Thanks much in advance!


----------



## Guest (May 15, 2010)

Check out http://www.dolby.com/index.html for setup examples. Navigate consumer and setup.

If you can, try and get a matching center channel to your L/R speakers. If you don't have room behind your sofa, their is absolutely no shame in a 3.1 system. You could add some acoustical tiles behind the sofa. Any decent rated modern amp with a mic setup will work and for a sub, I'd go with a kit. An example.. http://www.madisound.com/catalog/product_info.php?products_id=8611


----------



## nova (Apr 30, 2006)

First off,... Welcome to the Shack.

I would not say you are starting from scratch, I'd say you got a pretty good jump on a nice media room.
Biggest problem I can see is, well, your room. Unfortunately you are very limited in your placement options. Side mounted surrounds will likely be fine, though you may want to consider dipole surrounds. They have fallen out of favor due to advancements in new surround formats but, they could be helpful in some situations.
My first thought, you need a sub :T
And if "you" like the B&W 601's, don't worry about what others think of them.


----------



## Toby Jack (Feb 5, 2010)

Surround speakers always seem to be the most challenging when it comes to the placement, size and WAF (Wife Acceptability Factor.) Also your couch looks like it is right up against the wall so if you mount speakers on the wall above your head they won't be firing in your direction. I agree with the post above me about side surrounds. Maybe you can get similar sized bookshelves and place them on speaker stands pointed toward the listener on either side of the couch. Not sure how you would run the wiring though. 

The only reason I would get rid of the B&Ws is if you were going to get B&W towers. :T


----------



## lcaillo (May 2, 2006)

If you like the B&Ws, and IMO they are a fine speaker, go ahead and use them for surrounds, mounted on the side wall facing the couch, and upgrade the fronts and add a matching center, using B&Ws. Having matched speakers with similar tonal character all around is the best case.
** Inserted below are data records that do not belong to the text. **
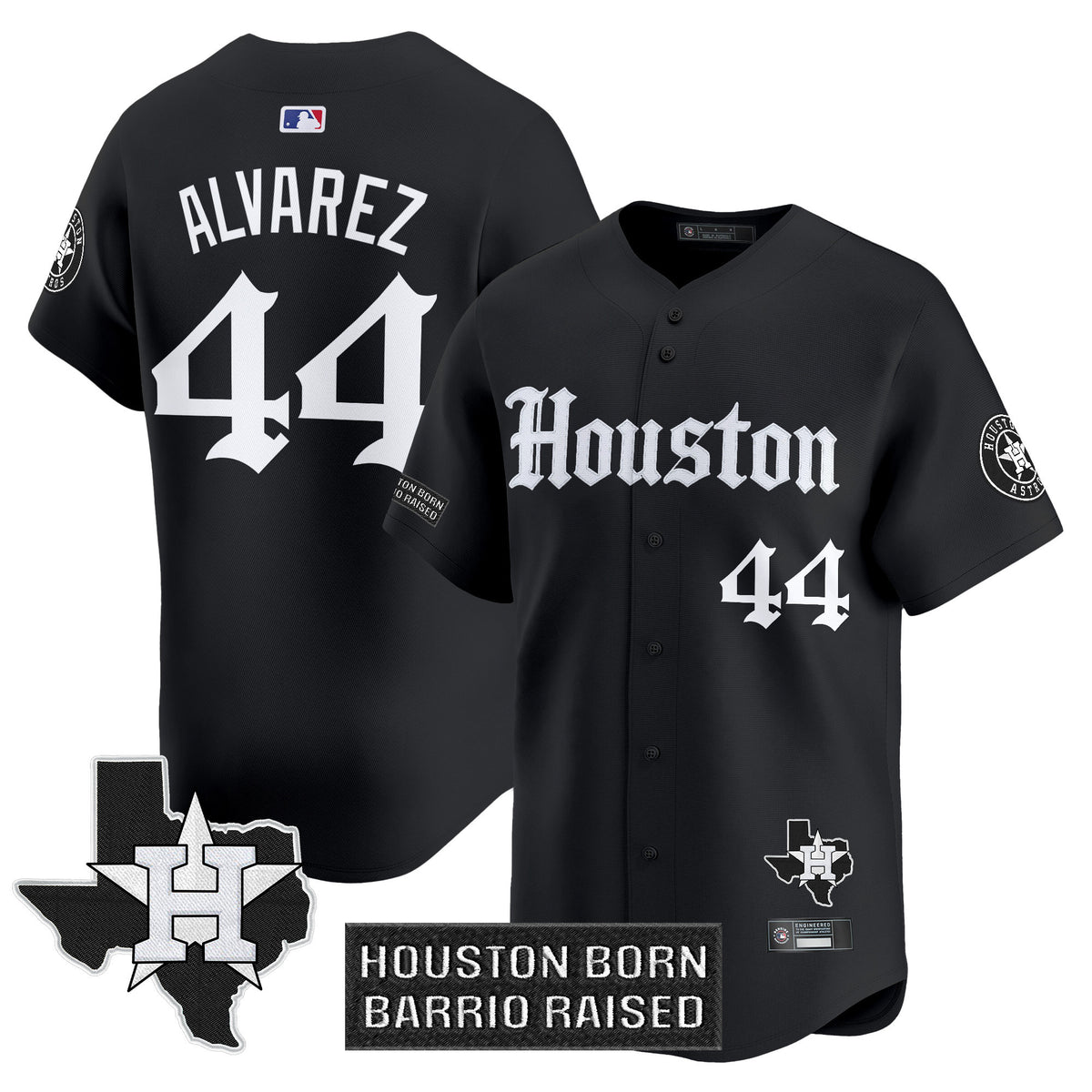 Men's Houston Astros 'Gothic Edition' Vapor Premier Limited Jersey V2 - All Stitched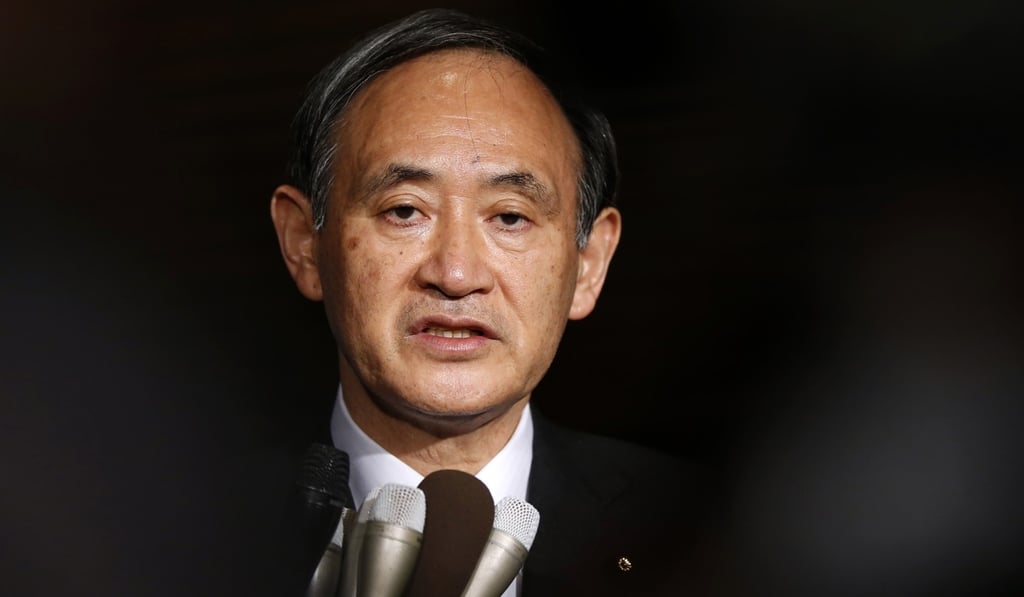 Suga, 70, is scheduled to arrive in Washington on May 9 for only his second official overseas trip in six-and-a-half years. Photo: Reuters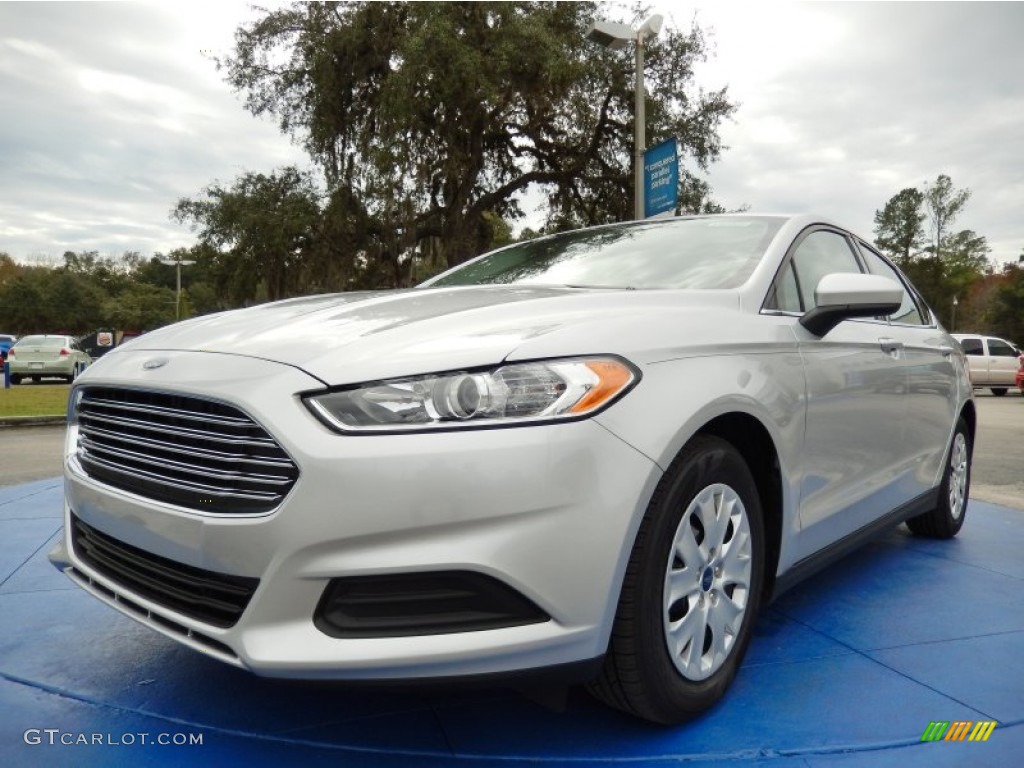 2014 Fusion S - Ingot Silver / Earth Gray photo #1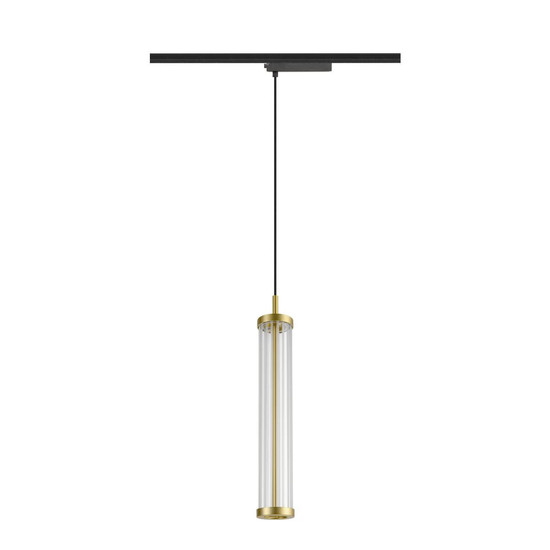 SLV QUIMERA, 1 Pendelleuchte, Pendellänge 150cm, 2700K, PHASE, gebürstet messing 1008042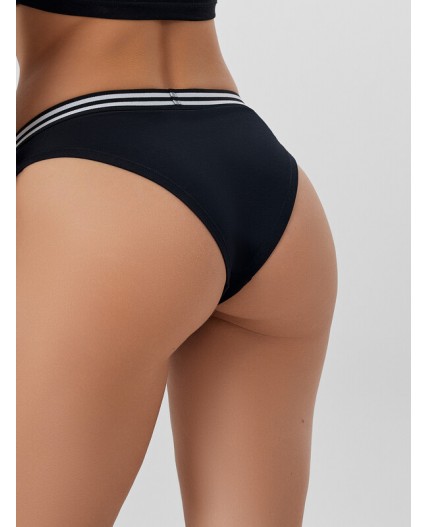 Трусы черный +печать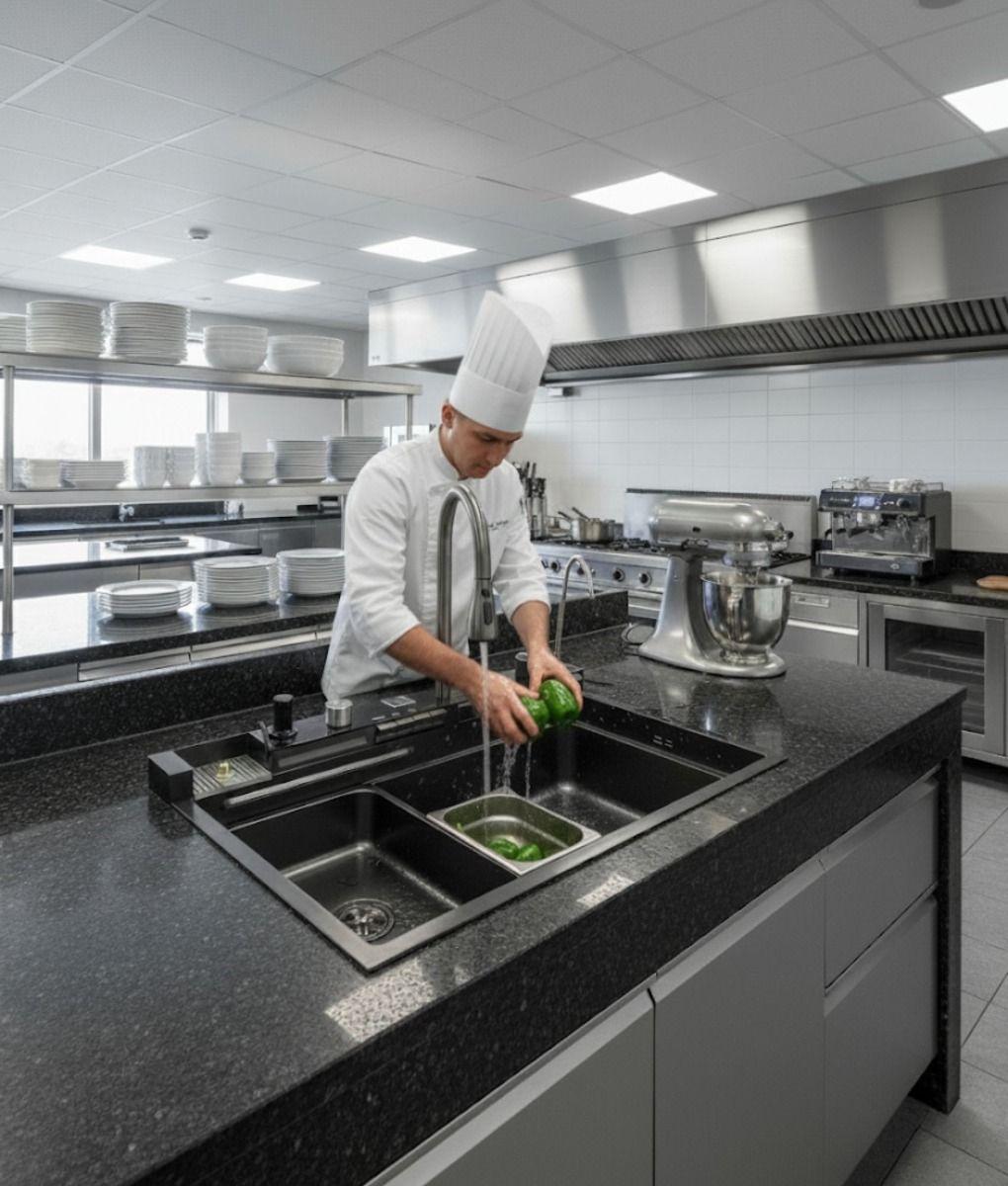 Fregadero Multifuncional Cocina Lavaplatos Elegante Jhn-2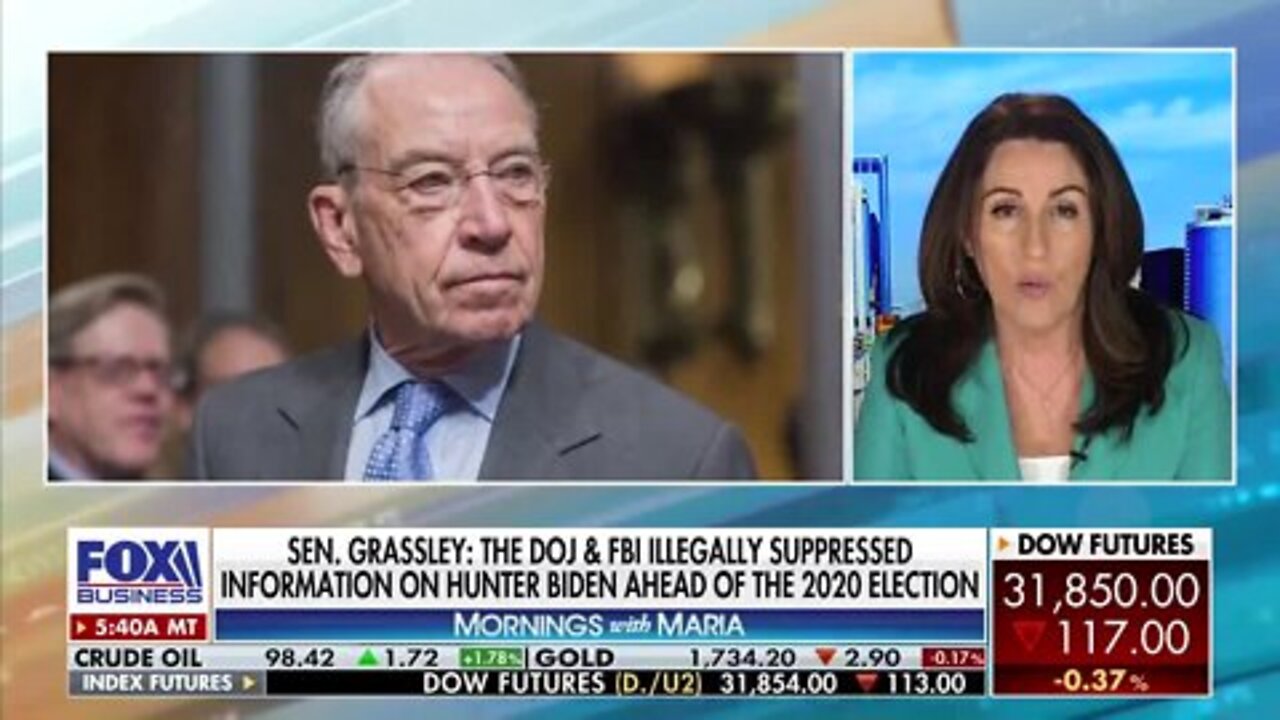 Sen. Grassley drops major bombshell about Hunter Biden, 2020 election debacle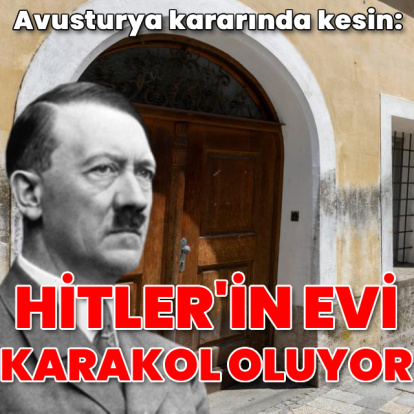 Hitler'in doğduğu ev polis karakolu oluyor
It is hard to beat B&W in speakers, though in subs there are certainly better choices.


----------



## jdaly (May 15, 2010)

Good morning,

Thanks for all the feedback.

Yes, I do love my B&W's and I would agree.. lol .. if I were going to do anything with them, an upgrade would be the way to go!

I realize my room is quite small and doesn't offer much space which is why I came to the pros! Ideally I'd like to setup a 7.1 surround sound, 3.1 just won't cut it for what I have in mind. I understand the space is far from ideal but I don't think it should limit my options that much -- or does it?

I did take a look at the B&W dipoles but they are quite large too and given my space issue not sure they would exactly fit, but I'm sure that they would do the job. I've been thinking I could just move the B&W's to another room (a den/office I have) and basically start fresh in this media room. If so, what would you recommend? AVR? etc.?

Again, thanks for all the feedback and pointers. Looking forward to more responses.


----------



## jdaly (May 15, 2010)

Any thoughts about the 7.1 Deluxe surround system with SBS-01 mains and PB12-NSD in combination with the SSS-01 bi-poles for the back channels?

I've read a lot of pros/cons about bi/di-poles but not sure I understand the differences. Some folks speak highly of them while others give them the thumbs down. Also, is there a difference between a a bi-pole speaker and a di-pole speak? 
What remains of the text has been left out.